Start of Block

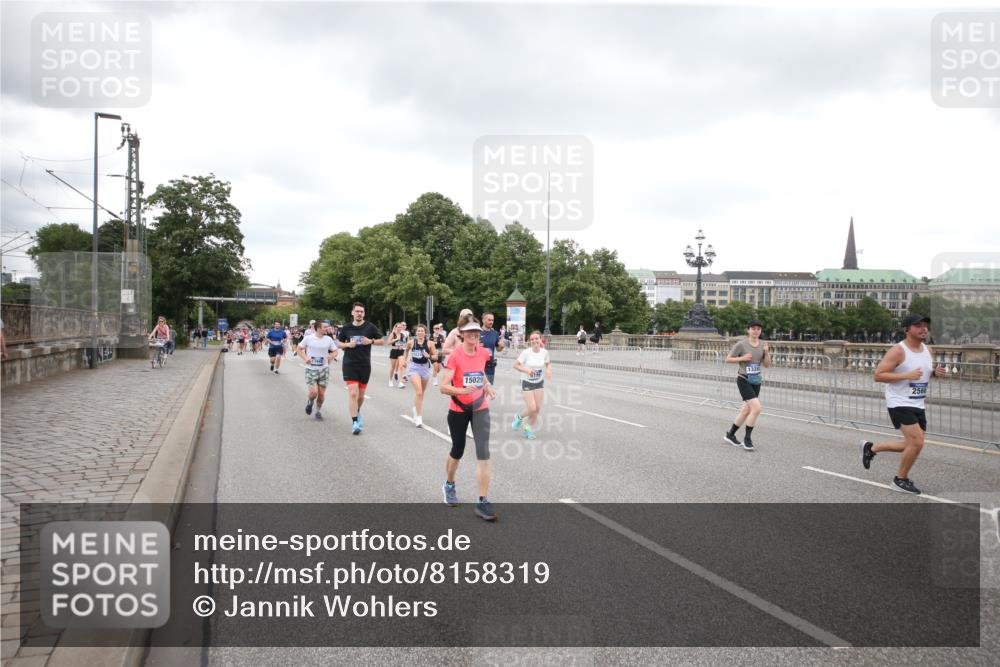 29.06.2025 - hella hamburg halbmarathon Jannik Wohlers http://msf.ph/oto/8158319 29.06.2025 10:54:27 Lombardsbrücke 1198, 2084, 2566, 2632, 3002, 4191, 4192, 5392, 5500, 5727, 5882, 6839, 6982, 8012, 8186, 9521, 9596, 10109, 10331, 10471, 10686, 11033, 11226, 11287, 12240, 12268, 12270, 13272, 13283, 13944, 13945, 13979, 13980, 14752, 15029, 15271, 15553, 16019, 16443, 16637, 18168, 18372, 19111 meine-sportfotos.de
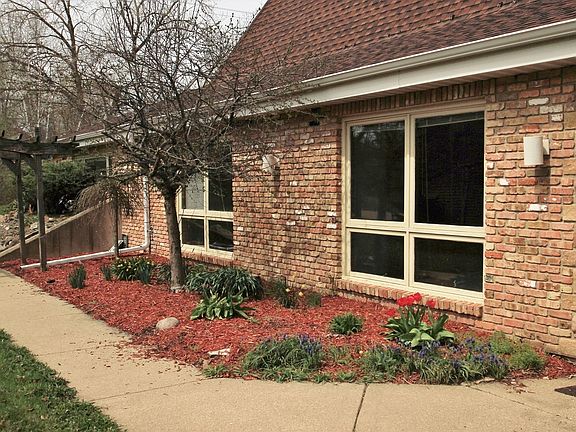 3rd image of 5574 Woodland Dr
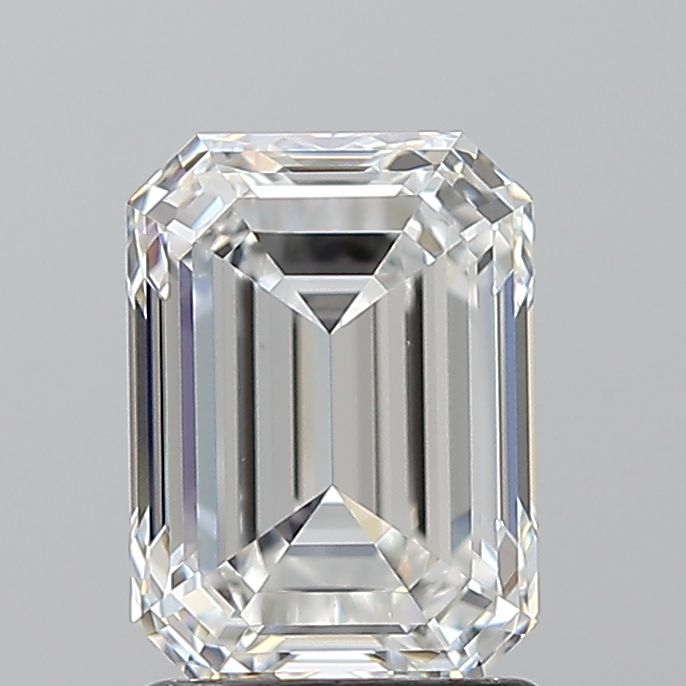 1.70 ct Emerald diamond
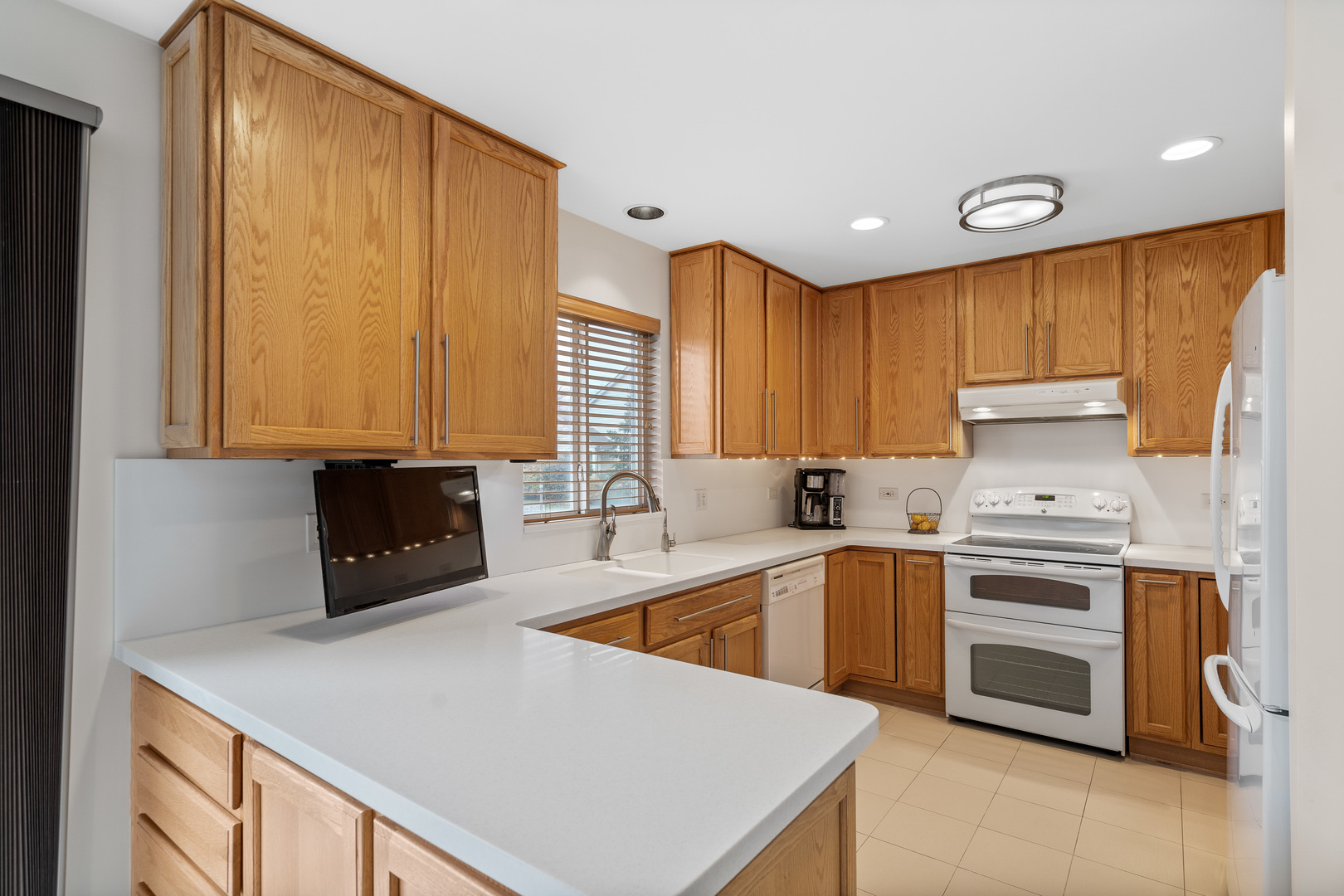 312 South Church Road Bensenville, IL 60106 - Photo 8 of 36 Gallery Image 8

End of Block
Start of Block

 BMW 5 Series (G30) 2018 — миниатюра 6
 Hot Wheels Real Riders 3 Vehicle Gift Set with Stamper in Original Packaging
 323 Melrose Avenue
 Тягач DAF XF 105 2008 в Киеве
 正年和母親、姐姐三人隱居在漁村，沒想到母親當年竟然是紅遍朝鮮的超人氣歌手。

End of Block
Start of Block

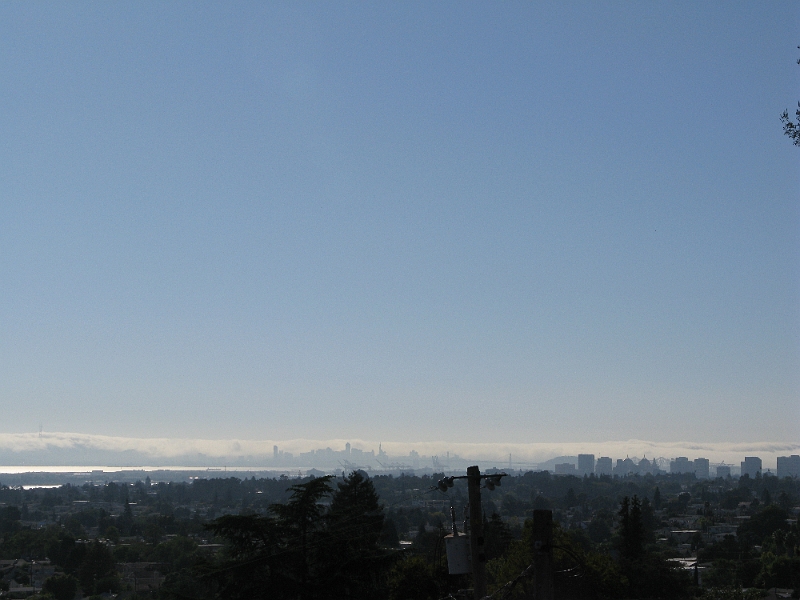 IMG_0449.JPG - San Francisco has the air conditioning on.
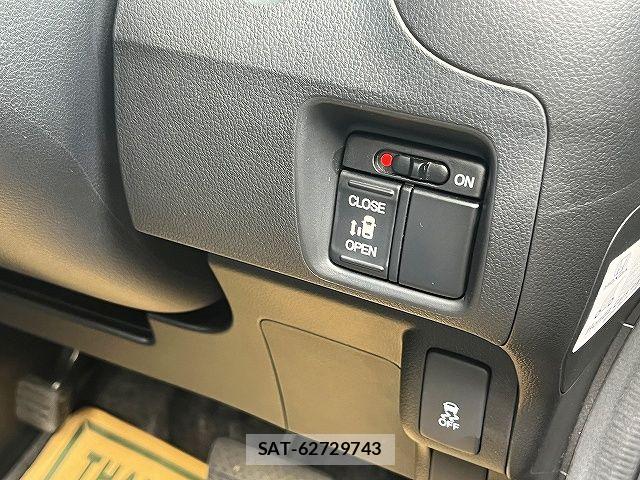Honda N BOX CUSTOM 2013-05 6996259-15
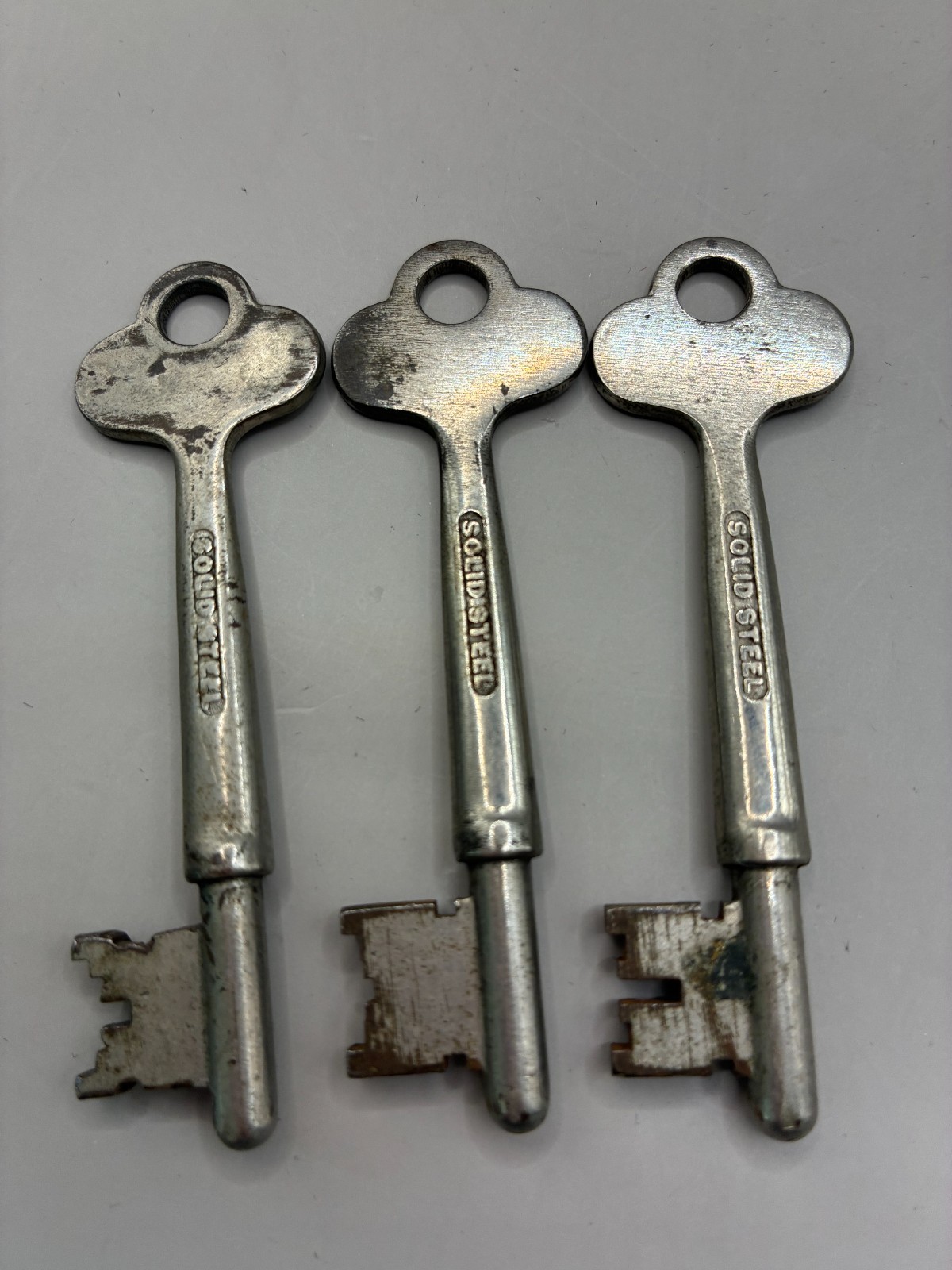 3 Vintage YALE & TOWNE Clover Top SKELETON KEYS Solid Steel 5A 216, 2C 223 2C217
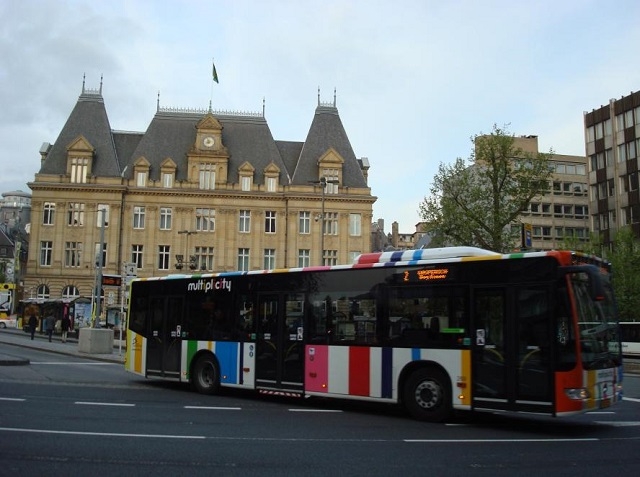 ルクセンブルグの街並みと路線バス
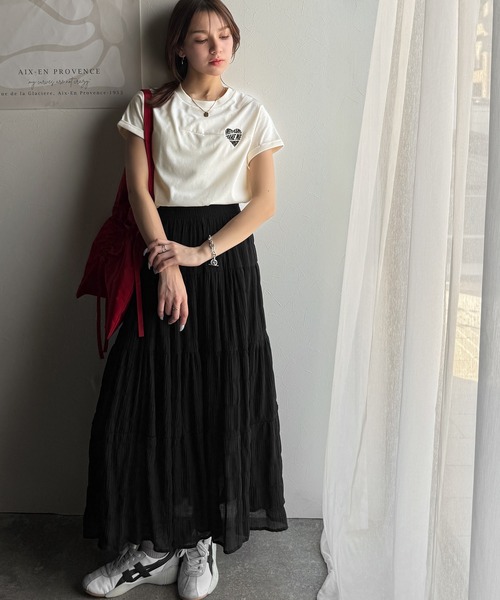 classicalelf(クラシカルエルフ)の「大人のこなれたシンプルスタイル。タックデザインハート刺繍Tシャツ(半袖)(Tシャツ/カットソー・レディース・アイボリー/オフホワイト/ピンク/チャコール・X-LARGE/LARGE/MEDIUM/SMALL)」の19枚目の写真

End of Block

Exercise goal> Within the listing above, extract exactly the lines that run from the one containing "29.06.2025 - hella" through the one containing "312 South Church", excluding any pictures.

Written answer>
 29.06.2025 - hella hamburg halbmarathon Jannik Wohlers http://msf.ph/oto/8158319 29.06.2025 10:54:27 Lombardsbrücke 1198, 2084, 2566, 2632, 3002, 4191, 4192, 5392, 5500, 5727, 5882, 6839, 6982, 8012, 8186, 9521, 9596, 10109, 10331, 10471, 10686, 11033, 11226, 11287, 12240, 12268, 12270, 13272, 13283, 13944, 13945, 13979, 13980, 14752, 15029, 15271, 15553, 16019, 16443, 16637, 18168, 18372, 19111 meine-sportfotos.de
 3rd image of 5574 Woodland Dr
 1.70 ct Emerald diamond
 312 South Church Road Bensenville, IL 60106 - Photo 8 of 36 Gallery Image 8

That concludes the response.